RewriteCond %{HTTP_USER_AGENT} !^(msnbot(-media¦-News¦-Products)?¦MSNPTC)/[0-9]\.[0-9]
RewriteCond %{HTTP_USER_AGENT} !^Mozilla/[5-9]\.[0-9]+\ \(compatible;\ (Yahoo!\ )?Slurp;
RewriteCond %{HTTP_USER_AGENT} !^Gigabot
# Major browsers
RewriteCond %{HTTP_USER_AGENT} !^Mozilla/[4-5]\.[0-9]+\ \(compatible;\ MSIE\ [3-9]\.[0-9.]+
RewriteCond %{HTTP_USER_AGENT} !^Mozilla/[4-5]\.[0-9]+\ \(.+;\ rv:([0-9]+\.)+[0-9a-z]+\)\ Gecko/20[0-9]{6}
RewriteCond %{HTTP_USER_AGENT} !^Mozilla/[2-4]\.[0-9]+\ \[[a-z]{2}\](\ \(.+\))?
RewriteRule .* - [F]

The patterns used for the user-agents are my "good enough" patterns for most sites. The function of the Googlebot check is to concatenate the user-agent and the IP address of the requestor. The characters "<>" imply this concatenation, but actually, are not anything except a unique character string used to demarcate the end of the user-agent string from the beginning of the partial IP address. The "<>" character sequence has no special meaning to regular expressions; I just use it to remind myself of what I'm doing, and to clearly separate the two (or more) variables being checked so as to avoid ambiguity in the comparison.

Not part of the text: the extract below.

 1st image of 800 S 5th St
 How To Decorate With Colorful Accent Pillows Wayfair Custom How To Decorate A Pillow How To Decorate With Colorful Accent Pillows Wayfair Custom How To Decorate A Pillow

Beware of line wrapping due to display width restrictions of the forum format; Each RewriteCond pattern must be all on one line.

Casual readers are warned that the above code is an example only; It will block many, many legitimate requests because the whitelists are far too exclusive as shown.

Jim

sgibb

10:38 pm on Nov 26, 2006 (gmt 0)

10+ Year Member



Thanks so much for your help Jim. Much appreciated.